▶ What to do:
Look through the data below. Pick out the lines holding the string "plush".

Brief descriptive captions:

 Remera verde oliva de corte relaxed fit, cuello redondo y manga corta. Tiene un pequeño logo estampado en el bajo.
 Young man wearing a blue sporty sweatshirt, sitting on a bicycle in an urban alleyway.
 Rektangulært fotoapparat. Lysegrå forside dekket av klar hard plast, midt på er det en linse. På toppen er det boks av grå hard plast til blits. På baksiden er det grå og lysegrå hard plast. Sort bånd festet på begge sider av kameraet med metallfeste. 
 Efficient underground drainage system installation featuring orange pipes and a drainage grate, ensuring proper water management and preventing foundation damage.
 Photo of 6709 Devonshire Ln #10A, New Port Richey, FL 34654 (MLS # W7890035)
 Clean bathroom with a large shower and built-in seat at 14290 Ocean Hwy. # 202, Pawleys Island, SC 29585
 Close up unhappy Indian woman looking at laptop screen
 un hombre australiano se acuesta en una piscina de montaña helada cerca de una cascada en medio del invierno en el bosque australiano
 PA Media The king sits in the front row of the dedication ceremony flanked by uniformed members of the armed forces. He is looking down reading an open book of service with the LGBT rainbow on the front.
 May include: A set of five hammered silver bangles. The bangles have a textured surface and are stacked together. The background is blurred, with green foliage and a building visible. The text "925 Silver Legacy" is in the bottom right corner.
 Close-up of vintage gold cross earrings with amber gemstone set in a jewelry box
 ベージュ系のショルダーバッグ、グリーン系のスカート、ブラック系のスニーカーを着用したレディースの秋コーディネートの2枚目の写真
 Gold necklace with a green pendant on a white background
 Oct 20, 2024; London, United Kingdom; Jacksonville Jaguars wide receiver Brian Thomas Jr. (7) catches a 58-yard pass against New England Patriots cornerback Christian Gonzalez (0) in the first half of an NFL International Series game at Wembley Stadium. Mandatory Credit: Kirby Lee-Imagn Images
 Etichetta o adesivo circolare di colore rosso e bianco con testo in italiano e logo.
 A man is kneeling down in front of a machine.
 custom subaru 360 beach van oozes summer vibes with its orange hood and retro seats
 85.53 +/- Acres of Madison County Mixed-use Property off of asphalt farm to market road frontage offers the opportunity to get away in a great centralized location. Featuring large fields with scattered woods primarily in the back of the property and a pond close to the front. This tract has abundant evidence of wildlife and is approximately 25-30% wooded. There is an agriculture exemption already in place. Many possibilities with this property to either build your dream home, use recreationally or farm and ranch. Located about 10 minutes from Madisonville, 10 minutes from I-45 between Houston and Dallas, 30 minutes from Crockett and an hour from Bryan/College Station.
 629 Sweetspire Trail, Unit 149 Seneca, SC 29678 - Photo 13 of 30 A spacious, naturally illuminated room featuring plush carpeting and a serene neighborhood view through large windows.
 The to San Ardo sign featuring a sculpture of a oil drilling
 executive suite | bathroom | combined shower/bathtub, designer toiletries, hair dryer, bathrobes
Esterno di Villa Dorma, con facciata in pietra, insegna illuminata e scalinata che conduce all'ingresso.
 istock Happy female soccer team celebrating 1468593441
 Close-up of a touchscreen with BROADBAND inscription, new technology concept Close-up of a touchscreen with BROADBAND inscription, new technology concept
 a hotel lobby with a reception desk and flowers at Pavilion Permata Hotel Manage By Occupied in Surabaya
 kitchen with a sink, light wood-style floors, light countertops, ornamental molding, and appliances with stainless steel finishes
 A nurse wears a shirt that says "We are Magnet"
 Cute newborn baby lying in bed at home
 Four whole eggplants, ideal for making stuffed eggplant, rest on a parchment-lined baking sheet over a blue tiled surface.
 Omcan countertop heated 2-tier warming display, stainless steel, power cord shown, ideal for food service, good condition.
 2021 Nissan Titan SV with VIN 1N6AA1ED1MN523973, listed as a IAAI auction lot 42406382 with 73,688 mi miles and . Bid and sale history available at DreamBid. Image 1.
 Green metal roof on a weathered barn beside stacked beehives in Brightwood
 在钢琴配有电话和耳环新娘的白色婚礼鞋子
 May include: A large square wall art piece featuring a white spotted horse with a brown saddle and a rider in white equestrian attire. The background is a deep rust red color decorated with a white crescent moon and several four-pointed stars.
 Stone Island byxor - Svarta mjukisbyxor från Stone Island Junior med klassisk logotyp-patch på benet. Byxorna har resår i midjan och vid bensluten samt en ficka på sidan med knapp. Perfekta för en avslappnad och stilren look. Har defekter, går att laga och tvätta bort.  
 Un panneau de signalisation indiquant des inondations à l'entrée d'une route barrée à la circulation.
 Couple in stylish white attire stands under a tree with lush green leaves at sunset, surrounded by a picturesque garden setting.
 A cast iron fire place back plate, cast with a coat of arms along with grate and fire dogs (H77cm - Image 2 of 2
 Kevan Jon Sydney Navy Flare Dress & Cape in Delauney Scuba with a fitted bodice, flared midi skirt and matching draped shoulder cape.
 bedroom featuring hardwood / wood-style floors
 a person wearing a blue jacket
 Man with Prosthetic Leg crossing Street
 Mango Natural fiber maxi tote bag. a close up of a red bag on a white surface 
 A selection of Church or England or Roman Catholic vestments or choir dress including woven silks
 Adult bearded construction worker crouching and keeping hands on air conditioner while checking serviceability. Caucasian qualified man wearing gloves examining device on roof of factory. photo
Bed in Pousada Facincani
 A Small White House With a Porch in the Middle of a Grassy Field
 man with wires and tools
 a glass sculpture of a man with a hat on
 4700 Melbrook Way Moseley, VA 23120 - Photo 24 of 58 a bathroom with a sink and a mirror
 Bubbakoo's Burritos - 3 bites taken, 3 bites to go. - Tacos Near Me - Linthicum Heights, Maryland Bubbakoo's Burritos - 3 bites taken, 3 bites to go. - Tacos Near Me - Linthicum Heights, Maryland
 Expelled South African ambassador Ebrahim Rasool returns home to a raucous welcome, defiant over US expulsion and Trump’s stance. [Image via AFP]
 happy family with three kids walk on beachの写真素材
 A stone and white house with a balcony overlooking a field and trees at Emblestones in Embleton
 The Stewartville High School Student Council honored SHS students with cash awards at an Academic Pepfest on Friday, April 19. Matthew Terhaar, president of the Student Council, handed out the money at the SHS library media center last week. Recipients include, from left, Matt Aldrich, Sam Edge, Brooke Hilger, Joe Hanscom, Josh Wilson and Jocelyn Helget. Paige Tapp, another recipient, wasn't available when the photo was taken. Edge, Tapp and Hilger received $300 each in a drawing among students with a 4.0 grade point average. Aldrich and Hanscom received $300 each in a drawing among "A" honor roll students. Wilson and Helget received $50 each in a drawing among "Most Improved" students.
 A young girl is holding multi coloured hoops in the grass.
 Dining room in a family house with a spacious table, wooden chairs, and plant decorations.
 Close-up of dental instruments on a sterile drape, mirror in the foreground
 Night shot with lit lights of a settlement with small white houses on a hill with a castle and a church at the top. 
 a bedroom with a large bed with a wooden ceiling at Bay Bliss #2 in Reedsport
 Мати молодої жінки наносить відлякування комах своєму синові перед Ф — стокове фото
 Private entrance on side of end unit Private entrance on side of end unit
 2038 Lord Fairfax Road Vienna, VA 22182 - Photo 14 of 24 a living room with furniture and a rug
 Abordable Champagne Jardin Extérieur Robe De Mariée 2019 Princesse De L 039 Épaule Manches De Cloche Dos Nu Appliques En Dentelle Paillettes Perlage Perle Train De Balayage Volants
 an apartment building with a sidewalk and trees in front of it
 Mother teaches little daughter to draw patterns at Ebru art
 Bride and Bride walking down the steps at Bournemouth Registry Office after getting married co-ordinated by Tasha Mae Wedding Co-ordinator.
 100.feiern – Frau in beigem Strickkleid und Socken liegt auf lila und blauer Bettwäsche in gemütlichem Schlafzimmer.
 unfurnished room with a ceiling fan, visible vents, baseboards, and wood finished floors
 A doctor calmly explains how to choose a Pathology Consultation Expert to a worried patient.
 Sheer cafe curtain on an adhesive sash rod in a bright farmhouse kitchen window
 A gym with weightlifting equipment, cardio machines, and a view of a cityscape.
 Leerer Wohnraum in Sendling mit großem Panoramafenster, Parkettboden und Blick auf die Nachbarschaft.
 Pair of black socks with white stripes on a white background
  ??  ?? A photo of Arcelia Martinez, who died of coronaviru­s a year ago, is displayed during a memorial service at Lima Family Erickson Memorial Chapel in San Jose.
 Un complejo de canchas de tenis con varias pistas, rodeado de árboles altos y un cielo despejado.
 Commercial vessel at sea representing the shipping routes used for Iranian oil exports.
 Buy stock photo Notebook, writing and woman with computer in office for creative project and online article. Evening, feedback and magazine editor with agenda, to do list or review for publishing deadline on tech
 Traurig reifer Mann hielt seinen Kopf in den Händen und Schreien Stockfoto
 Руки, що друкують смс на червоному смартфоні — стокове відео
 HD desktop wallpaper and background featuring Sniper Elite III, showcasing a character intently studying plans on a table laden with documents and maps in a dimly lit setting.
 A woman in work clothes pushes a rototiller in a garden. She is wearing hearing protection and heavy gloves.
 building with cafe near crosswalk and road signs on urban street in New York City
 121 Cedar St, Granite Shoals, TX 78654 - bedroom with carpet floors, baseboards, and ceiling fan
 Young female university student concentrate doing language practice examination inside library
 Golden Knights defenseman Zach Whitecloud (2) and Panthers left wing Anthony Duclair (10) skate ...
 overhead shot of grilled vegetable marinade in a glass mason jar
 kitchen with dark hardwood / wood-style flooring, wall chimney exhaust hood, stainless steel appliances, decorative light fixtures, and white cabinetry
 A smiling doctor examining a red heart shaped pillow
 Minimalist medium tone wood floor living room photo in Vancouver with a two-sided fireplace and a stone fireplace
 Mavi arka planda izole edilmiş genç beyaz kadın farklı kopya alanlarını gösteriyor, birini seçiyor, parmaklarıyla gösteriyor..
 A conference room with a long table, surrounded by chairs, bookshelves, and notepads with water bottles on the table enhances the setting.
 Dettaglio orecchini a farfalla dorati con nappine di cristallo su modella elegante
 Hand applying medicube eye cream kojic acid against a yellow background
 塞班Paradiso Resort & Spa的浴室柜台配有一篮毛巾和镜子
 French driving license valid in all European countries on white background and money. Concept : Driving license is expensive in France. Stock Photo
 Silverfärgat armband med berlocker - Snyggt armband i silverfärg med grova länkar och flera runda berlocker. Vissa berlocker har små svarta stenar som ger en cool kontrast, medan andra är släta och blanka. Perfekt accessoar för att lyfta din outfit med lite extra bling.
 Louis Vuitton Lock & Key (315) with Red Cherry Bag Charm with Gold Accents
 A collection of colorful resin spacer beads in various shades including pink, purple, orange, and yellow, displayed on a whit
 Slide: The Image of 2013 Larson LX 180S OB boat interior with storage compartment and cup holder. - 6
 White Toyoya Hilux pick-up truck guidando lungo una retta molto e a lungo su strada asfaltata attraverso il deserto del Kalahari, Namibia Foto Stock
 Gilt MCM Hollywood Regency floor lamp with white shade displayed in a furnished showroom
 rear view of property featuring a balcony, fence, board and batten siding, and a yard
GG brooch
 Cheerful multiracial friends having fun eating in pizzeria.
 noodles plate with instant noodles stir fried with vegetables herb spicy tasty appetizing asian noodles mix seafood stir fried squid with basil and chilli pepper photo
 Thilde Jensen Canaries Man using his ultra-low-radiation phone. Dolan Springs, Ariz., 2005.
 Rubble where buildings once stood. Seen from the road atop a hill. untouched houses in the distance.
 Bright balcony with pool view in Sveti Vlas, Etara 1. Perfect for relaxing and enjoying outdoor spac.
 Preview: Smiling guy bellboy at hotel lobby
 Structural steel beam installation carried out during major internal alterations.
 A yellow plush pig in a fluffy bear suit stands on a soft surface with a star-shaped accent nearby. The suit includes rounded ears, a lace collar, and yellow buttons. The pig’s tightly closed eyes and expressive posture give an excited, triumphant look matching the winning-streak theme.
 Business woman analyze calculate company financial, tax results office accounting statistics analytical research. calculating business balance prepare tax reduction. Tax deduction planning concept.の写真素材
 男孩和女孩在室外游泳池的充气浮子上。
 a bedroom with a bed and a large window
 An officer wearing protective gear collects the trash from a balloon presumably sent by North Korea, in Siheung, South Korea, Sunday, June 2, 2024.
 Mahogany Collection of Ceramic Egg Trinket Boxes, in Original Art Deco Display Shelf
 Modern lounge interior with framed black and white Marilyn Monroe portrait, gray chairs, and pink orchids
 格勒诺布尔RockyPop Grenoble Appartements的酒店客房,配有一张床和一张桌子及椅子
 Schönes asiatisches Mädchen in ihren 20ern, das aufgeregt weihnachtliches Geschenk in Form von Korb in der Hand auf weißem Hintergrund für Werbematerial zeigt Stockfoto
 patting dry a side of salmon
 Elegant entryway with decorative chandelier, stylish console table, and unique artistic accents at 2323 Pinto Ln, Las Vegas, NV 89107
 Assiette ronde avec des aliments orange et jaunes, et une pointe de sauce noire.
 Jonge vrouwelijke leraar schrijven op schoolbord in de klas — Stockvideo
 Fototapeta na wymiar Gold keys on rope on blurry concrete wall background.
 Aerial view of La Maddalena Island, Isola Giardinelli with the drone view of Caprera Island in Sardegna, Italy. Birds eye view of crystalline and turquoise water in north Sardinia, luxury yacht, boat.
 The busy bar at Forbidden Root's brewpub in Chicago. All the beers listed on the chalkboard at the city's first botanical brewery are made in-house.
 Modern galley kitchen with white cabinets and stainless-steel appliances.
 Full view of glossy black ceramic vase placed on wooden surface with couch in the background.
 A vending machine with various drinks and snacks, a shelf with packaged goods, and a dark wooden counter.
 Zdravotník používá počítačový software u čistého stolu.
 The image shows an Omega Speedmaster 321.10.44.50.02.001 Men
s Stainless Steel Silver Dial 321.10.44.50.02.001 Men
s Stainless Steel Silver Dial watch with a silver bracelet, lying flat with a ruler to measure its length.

▶ Result of the exercise:
 629 Sweetspire Trail, Unit 149 Seneca, SC 29678 - Photo 13 of 30 A spacious, naturally illuminated room featuring plush carpeting and a serene neighborhood view through large windows.
 A yellow plush pig in a fluffy bear suit stands on a soft surface with a star-shaped accent nearby. The suit includes rounded ears, a lace collar, and yellow buttons. The pig’s tightly closed eyes and expressive posture give an excited, triumphant look matching the winning-streak theme.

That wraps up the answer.